I intro'd initially in the bath and there was minimal violence, but a fair bit of chasing. Then I moved to the cat carrier where I locked them all in (4 boys) for a couple of hours. They ignored one another entirely. The baby rats were cuddled at one side of the carrier, and the adult rats were at the other. Both groups were eating, sleeping and grooming as though the other group weren't even there. So I moved them into the (thoroughly cleaned and reorganised) main cage, where they were all happily exploring their new environment for about 20 minutes. But then the chasing started. And I left them to it because no blood, no foul. But it got very relentless. I have one neutered and one in tact boy, and the in tact boy was being the problem. The neutered boy kinda just kept ignoring them. This surprised me because the in tact boy has always been so calm and laid back, I've never seen him get like this before. He was hissing at the babies and possibly puffing up (he's rex, so it's hard to tell) and sidling up to them. But the babies were VERY submissive, spending copious amounts of time on their backs. 

I decided to put the boys back in separate cages to reduce stress on the babies because the chasing just wouldn't stop. 

Today I tried the carrier method for much longer in hopes that they'd eventually interact with one another. I scatter fed and supplied two water bottles and left them there for the whole day while I was at work (boyfriend was off, so he kept an eye on them). Again, they ignored one another all day. On my break, I transferred them into the smaller pet carrier (which isn't suitable for long periods of time) and tried to force them to cuddle on one another, and they did all fall asleep sort of touching one another. After an hour in that, they moved back to the cat carrier which I placed inside the main cage, as I thought they'd benefit from being surrounded by the scent of their new home. Again, they ignored one another for another few hours.

After about 4 or 5 hours, it got ugly.

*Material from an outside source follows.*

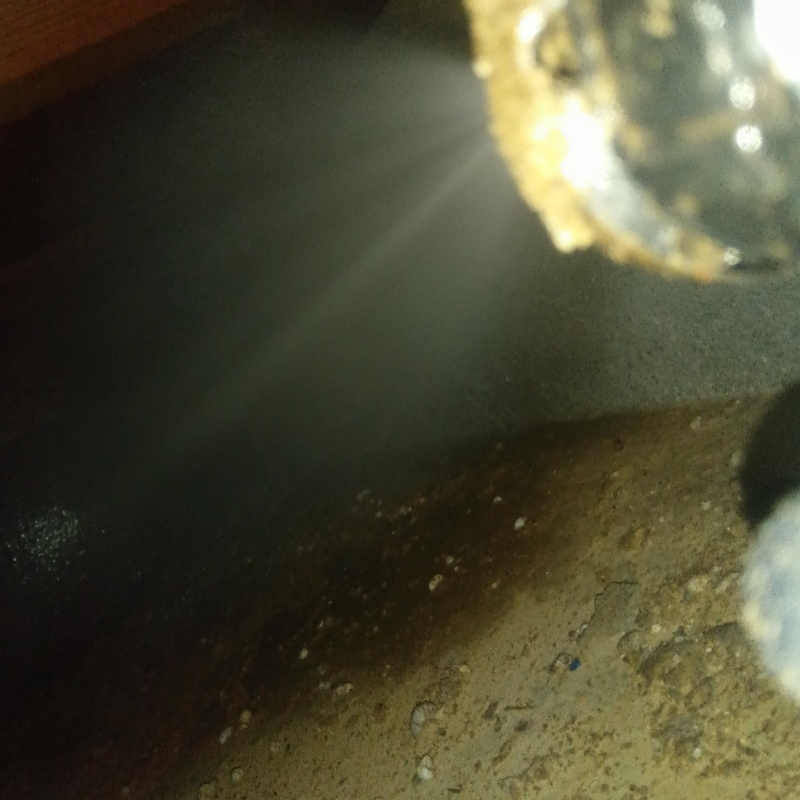 床下の土壌にシロアリ駆除剤を散布する様子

I wasn't around, but my boyfriend said they had a really bad scuffle, and one of the baby's claws has been pulled off. Apparently it bled for ages (it's stopped now) and he's in a bit of pain from it.

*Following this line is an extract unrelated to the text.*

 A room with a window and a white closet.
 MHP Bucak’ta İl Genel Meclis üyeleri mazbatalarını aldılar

I've separated them for the time being in cages next to one another. My plan is to try again next Thursday when I have a day off, and in home meantime, intro in the bath and swap cages for the night every single day. 
Do you guys think this is taking it slow enough whilst allowing for time for lots of meetings? Is my in tact boy going to associate these boys with bad things now and not ever accept them? Like I said, he's always been so laid back so I'm confused. And the babies don't even try to challenge him so I don't know what his problem is


----------



## lalalauren (Jul 3, 2013)

Oh, I should add that I also tried covering them in yogurt in hopes that they'd interact with one another and groom it off but it didn't work. And now my rex boys really need a bath.


----------



## JAnimal (Jul 23, 2014)

I think you should go into the bath tub again. And maybe you should be in it as we'll so that the rats can have a "home base". I would also have a towel on hand. I hope the baby is ok.


----------



## lalalauren (Jul 3, 2013)

Good idea. Ive never thought of getting in the bath with them. Need to prepare myself for being covered in a LOT of poop. 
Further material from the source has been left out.